• _What is expected_:
Return exactly those lines of the material that fall between the line with "Fototapeta na wymiar" and the final line, both included.
"""
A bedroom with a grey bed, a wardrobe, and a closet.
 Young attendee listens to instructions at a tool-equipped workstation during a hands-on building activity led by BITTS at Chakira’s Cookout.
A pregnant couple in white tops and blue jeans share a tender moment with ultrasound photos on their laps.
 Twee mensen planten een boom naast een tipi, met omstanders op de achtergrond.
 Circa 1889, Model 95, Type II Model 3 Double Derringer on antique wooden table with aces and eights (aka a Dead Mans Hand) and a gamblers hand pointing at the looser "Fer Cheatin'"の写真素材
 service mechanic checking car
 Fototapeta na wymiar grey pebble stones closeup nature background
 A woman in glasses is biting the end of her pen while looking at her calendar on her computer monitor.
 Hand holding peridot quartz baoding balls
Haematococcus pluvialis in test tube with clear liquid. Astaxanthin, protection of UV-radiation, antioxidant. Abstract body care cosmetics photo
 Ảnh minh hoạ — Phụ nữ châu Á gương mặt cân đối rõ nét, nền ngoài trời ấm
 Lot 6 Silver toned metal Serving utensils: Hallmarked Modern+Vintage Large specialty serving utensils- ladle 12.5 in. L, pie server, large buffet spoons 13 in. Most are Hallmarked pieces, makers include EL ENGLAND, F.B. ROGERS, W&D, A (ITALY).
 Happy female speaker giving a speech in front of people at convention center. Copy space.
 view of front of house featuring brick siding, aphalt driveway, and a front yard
"""
• _Expected answer_:
 Fototapeta na wymiar grey pebble stones closeup nature background
 A woman in glasses is biting the end of her pen while looking at her calendar on her computer monitor.
 Hand holding peridot quartz baoding balls
Haematococcus pluvialis in test tube with clear liquid. Astaxanthin, protection of UV-radiation, antioxidant. Abstract body care cosmetics photo
 Ảnh minh hoạ — Phụ nữ châu Á gương mặt cân đối rõ nét, nền ngoài trời ấm
 Lot 6 Silver toned metal Serving utensils: Hallmarked Modern+Vintage Large specialty serving utensils- ladle 12.5 in. L, pie server, large buffet spoons 13 in. Most are Hallmarked pieces, makers include EL ENGLAND, F.B. ROGERS, W&D, A (ITALY).
 Happy female speaker giving a speech in front of people at convention center. Copy space.
 view of front of house featuring brick siding, aphalt driveway, and a front yard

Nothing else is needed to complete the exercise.